O dispositivo envolve múltiplos sentidos, essencialmente inundando o cérebro com tanta informação que este não consegue registrar sinais de dor. Quando as mensagens da dor tentam chegar, "o cérebro dá sinal de ocupado", diz Hunter Hoffman, diretor do centro de pesquisa de RV na Universidade de Washington, em Seattle.
Como uma ferramenta para superar a dor e o medo de uma injeção, por exemplo, as crianças podem se esforçar para ganhar pontos, lançando bolas em ursinhos de pelúcia em um programa de RV, afirma Gold:
— As crianças chegam a dizer: "Quando você vai fazer o que precisa?". E já acabamos há cinco minutos.
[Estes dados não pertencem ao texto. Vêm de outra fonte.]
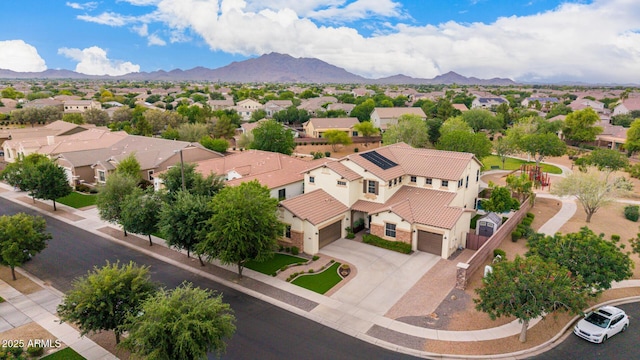 aerial view of residential area featuring a mountainous background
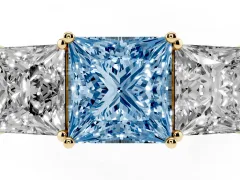 Fancy Blue Princess Cut Diamond Three-Stone Ring Set in Yellow gold with Textured Band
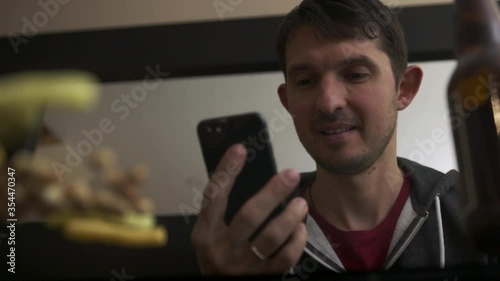 High quality slow motion close-up 4k video of a young blurred man chatting with friend or family on phone watching tv and having snacks with bottle of beer. Happy time. Handsome person with phone. 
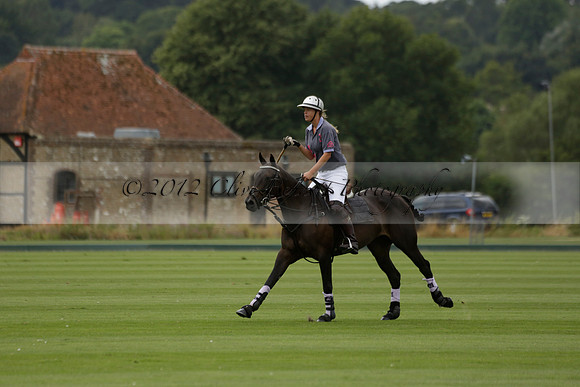La Tremenda (lilac) v Maiz Dulce (yellow) in a Brecknock Cup polo match played on Lawns 1 at the Cowdray Park Polo Club on Tuesday 13 August 2013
"A dor pode ser inevitável, mas o sofrimento não é"
Um dos primeiros programas de RV, chamado SnowWorld, foi desenhado por Hoffman para tratar pacientes queimados, que muitas vezes dizem que "a limpeza das feridas é como ser queimado novamente". O ambiente virtual nevado é um forte contraste com a causa de sua dor.
Mas se o tratamento da dor persistente só envolvesse a realidade virtual, uma vez que o dispositivo e seu programa informatizado fossem removidos, a dor certamente voltaria. Larry Benz, fisioterapeuta e executivo-chefe da Confluent Health, explica que "a RV não é uma cura, mas uma auxiliar de outros métodos que sabemos que funcionam", embora muitas vezes envolvam vários meses de tratamento caro que mesmo assim podem não alcançar um resultado desejado.
— Se eu lhe der uma aula em um ambiente virtual, é mais provável que você se lembre do conteúdo que foi ensinado, interaja com ele e o aceite. Quando você está totalmente imerso em um ambiente virtual, é como um hack cerebral, você não consegue se envolver com outras coisas — diz Benz.
A aprendizagem muda o cérebro e dá aos pacientes algo que continua funcionando quando tiram o dispositivo. Quando eles percebem que sua dor não é inevitável, ficam mais receptivos aos exercícios de fisioterapia e mais propensos a se mover por conta própria.
HUNTER HOFFMAN
Diretor do centro de pesquisa de RV na Universidade de Washington (Seattle)
Não raro, pacientes com dor crônica ficam com medo de se mover, o que pode realmente piorar seu problema. Vários programas de RV fazem com que exercitem suavemente as partes doloridas do corpo e ampliem seu alcance de movimentos, bloqueando a capacidade do cérebro de registrar a dor.
— Usando a RV, podemos ensinar habilidades para lidar com a dor crônica, técnicas que os pacientes podem usar por conta própria que ajudarão a diminuí-la — diz Hoffman. — A aprendizagem muda o cérebro e dá aos pacientes algo que continua funcionando quando tiram o dispositivo. Quando eles percebem que sua dor não é inevitável, ficam mais receptivos aos exercícios de fisioterapia e mais propensos a se mover por conta própria.
David R. Patterson, pesquisador da Universidade de Washington, pioneiro no uso combinado de RV e hipnose, comenta:
— Esse método pode treinar o cérebro a não reagir a pensamentos ou emoções associadas ao sofrimento. A dor pode ser inevitável, mas o sofrimento não é.
A RV ainda não está pronta para ser incluída entre as melhores formas de tratamento da dor crônica, nem deve ser considerada um substituto da medicação.
— Não é uma panaceia, mas uma ferramenta para ensinar muitas coisas diferentes — afirma Gold. — Ao contrário dos opioides, você não se torna dependente da RV: você aprende habilidades para a vida. É uma ferramenta para quebrar o ciclo de dor e de estresse que irrita o sistema nervoso. É possível aprender a se sentir bem em vez de se acreditar doente.